The new Fundeb: yet another redemption for education?


By Nicholas Davies*

To evaluate this PEC and the possible virtues or flaws of a future Fundeb, it is good to remember that the current Fundeb did not fulfill one of its objectives of maintaining and developing public basic education

Before commenting on the PEC, it is worth remembering the mistake of many entities and politicians saying, in defense of the permanent Fundeb (Fund for the Maintenance and Development of Basic Education and the Valorization of Education Professionals), that the end of the current Fundeb would represent chaos in the education, never mentioning that Fundeb represented very little new money for national education, since it consisted only of a distribution, between the State and its municipalities, of 20% of the majority of taxes already constitutionally linked to education, based on the number of municipal enrollments in early childhood education (EI) and elementary education (EF) and state enrollment in elementary (EF) and secondary education (EM), and in different weights attributed to basic education levels, modalities and teaching establishments. Thus, what some governments gain others lose in the same proportion, unless they receive federal supplementation, which is not very significant in national terms, as it corresponds to 10% of national revenue, formed by 90% of taxes from the states, the Federal District (DF ) and municipalities. It is true that this complementation was quite significant for many city halls, especially in the Northeast and Pará, but non-existent in the vast majority of city halls.

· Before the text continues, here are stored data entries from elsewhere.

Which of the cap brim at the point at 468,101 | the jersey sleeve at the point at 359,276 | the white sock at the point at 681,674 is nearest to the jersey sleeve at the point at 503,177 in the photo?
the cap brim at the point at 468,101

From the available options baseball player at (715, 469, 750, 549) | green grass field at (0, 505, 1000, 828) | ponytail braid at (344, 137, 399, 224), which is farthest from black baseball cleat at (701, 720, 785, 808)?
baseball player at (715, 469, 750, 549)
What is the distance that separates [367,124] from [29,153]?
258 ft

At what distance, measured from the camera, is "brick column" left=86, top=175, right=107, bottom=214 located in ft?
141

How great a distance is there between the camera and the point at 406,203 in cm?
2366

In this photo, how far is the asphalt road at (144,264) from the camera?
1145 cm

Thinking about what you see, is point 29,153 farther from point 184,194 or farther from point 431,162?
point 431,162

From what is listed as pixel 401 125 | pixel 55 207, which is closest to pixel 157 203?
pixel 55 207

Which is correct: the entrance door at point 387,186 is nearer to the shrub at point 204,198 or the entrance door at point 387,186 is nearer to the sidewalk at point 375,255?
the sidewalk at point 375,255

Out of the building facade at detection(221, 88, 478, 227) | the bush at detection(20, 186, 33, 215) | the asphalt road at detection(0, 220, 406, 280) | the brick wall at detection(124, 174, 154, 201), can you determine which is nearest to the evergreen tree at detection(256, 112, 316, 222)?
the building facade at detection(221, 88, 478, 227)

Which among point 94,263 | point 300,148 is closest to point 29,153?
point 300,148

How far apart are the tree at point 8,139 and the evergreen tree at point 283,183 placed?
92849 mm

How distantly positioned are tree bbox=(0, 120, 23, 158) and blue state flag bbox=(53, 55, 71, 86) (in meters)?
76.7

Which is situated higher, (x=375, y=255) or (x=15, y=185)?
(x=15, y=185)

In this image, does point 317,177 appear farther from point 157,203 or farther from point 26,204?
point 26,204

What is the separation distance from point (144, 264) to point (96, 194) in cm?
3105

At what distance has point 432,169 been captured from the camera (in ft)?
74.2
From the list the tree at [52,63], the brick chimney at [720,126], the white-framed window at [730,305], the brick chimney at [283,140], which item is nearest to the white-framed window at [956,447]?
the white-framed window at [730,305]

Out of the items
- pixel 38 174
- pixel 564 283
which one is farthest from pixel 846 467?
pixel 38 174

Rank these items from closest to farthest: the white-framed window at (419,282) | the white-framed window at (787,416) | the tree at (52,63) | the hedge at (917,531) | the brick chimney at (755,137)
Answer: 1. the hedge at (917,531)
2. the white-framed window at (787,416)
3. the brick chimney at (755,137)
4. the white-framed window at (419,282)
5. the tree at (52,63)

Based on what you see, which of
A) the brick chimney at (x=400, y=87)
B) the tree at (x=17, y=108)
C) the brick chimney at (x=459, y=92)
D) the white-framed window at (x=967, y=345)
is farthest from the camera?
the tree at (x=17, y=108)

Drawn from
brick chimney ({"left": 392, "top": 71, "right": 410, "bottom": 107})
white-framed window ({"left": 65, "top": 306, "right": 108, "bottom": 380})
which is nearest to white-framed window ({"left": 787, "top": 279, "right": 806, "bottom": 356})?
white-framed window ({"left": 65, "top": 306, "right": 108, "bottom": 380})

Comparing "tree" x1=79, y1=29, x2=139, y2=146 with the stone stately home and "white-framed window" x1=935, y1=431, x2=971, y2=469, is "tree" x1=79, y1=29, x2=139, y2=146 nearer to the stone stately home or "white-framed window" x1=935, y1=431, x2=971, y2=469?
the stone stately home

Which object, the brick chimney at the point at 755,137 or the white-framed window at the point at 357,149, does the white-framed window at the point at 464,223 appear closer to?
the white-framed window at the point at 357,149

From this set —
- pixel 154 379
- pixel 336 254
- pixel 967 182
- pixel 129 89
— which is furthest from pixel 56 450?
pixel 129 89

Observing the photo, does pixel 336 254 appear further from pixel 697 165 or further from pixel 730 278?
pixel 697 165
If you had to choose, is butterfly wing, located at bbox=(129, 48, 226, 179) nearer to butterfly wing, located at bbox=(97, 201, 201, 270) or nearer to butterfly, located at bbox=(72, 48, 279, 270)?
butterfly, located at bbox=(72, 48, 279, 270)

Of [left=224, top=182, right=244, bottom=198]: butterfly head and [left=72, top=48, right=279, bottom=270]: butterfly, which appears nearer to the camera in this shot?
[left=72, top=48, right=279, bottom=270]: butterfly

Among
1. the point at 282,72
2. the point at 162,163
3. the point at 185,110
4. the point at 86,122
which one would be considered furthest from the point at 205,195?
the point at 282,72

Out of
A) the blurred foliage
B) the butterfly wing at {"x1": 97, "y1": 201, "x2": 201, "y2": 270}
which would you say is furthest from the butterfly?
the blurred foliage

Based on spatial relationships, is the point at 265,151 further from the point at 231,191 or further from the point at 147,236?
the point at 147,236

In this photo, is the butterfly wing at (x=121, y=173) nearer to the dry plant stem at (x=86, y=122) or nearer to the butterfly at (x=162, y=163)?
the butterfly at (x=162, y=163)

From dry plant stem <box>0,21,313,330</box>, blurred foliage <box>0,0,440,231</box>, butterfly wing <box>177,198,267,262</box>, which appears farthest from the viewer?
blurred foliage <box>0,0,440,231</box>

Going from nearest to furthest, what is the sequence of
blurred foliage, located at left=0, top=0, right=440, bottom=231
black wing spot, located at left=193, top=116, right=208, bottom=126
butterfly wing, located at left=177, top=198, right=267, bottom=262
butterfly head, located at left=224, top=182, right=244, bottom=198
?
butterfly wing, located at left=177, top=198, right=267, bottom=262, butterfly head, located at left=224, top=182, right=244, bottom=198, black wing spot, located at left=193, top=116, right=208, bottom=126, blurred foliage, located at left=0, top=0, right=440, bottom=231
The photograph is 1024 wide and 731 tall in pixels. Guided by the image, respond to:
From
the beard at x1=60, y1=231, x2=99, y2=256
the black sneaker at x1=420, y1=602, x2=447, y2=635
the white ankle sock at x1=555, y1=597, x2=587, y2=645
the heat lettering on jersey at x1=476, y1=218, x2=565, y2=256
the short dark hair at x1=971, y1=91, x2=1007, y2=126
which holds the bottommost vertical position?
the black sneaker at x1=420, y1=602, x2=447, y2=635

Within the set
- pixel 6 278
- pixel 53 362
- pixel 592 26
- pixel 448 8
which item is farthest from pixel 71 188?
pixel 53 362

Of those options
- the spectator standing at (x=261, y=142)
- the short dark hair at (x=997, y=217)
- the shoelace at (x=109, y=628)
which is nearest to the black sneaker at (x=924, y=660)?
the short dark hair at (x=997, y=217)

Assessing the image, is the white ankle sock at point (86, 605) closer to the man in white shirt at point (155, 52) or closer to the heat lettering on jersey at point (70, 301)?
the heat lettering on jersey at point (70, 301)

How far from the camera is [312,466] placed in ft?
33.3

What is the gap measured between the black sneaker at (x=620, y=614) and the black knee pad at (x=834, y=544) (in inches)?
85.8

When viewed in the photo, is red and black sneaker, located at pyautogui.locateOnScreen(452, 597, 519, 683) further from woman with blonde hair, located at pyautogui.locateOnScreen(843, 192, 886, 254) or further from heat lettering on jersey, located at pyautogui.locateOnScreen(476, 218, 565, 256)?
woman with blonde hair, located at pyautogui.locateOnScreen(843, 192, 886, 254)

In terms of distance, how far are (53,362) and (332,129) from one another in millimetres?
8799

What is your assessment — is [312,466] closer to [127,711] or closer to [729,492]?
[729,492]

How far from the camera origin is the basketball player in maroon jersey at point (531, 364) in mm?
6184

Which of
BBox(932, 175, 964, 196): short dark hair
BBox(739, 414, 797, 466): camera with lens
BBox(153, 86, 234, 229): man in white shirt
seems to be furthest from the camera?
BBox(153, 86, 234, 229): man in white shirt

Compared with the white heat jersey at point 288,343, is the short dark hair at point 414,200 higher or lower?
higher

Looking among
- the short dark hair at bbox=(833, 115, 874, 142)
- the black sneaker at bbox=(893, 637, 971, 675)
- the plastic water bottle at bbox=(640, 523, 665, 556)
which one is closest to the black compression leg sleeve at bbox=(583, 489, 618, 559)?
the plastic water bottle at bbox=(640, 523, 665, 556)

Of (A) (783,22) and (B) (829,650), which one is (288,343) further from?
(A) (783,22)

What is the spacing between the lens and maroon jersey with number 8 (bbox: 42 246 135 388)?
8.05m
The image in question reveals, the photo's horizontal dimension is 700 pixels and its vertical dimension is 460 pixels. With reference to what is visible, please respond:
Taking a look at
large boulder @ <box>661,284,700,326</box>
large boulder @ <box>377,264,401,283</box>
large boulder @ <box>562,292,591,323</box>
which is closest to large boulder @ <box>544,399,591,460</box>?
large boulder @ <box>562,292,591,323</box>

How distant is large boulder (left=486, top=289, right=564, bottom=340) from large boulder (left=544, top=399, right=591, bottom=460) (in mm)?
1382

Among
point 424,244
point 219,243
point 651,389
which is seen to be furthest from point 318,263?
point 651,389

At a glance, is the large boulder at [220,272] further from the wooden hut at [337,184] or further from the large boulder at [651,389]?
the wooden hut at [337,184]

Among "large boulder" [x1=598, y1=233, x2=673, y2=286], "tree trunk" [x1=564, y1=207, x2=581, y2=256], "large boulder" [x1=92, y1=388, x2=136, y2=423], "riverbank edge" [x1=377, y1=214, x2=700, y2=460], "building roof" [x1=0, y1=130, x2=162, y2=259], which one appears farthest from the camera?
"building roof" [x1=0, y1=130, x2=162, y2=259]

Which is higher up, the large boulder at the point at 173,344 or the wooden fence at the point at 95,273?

Therefore, caution is needed with the allegation that the end of the current Fundeb would bring chaos in education (which, anyway, has existed for a long time), since, without it, the governments' contribution to Fundeb would revert to them. The end would only be problematic for city halls that receive complementation and/or have significant gains in the distribution of Fundeb revenue at the state level. However, it would be a relief for many city halls (perhaps more than 1000) and all state governments that lose with Fundeb today.

Before evaluating the PEC, it should be noted that many aspects of it can only be accurately analyzed after it is regulated by law. Therefore, we do not go into all the details of it here.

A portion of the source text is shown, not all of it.